Esto último, sobre todo, servía para hacer hervir más y más
el alma negativa; y no sólo los viejos maderistas, sino las personas con sentimientos humanos y contrarias a los sistemas de violencia, buscaban en el horizonte el cómo realizar la venganza. El agravio no lo cometieron Huerta y sus consejeros a un mero partido, antes bien a una Nación, que si a la sombra de la Libertad y la Democracia había asistido a no pocos desórdenes, tenía sembrada muy profundamente la creencia de que esos males eran fortuitos y por lo mismo capaces de tener remedio en días no lejanos.
Nada de esto veían, ni poseían capacidad para verlo los
colaboradores del general Huerta. El amor a los ministerios y jefaturas de sección había puesto una venda a los ojos de los funcionarios, políticos y soldados del huertismo.

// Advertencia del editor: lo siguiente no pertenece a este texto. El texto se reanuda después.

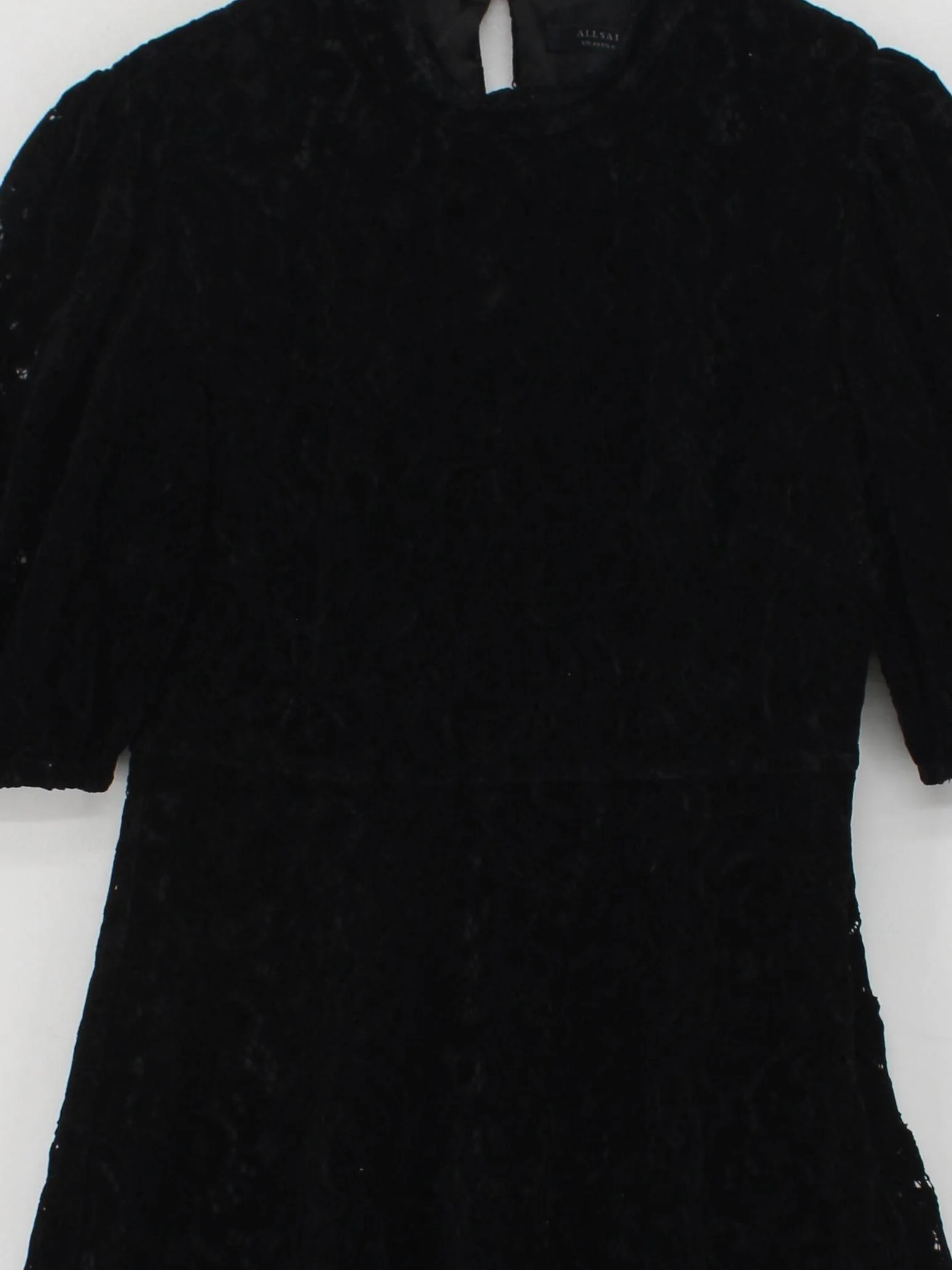 AllSaints Jumper Midi Dress UK10 in Black - Image 3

Este, por otra parte, creía haber encontrado la panacea de la paz y del progreso en el desarrollo y sostenimiento de la fuerza militar. Ellos, los que mucho censuraron a Madero, sólo consideraban la
utilidad de la pólvora y de las espadas. Ignoraban el espíritu de ambición creado y distinguido dentro de los mexicanos con la Primera Guerra Civil. Desconocían el vigor del alma de la venganza, que echaba más y más raíces en el país conforme avanzaban los días y con ello aumentaba la repugnancia hacia
quienes habían asesinado, para darse la satisfacción de tener el
mando y gobierno de la República.
Tales estados de ánimo: el de la violencia, primero; el de la
venganza, después, constituían las columnas de una nueva Guerra Civil; y esto, a pesar de que el horizonte de la Revolución estaba oscurecido y la continuidad de lo constitucional no tenía trazas de ser reconstruida. La
desarticulación de la continuidad constitucional podía tenerse como la única medida virtuosa dictada a Huerta por los senadores y políticos intelectuales del porfirismo.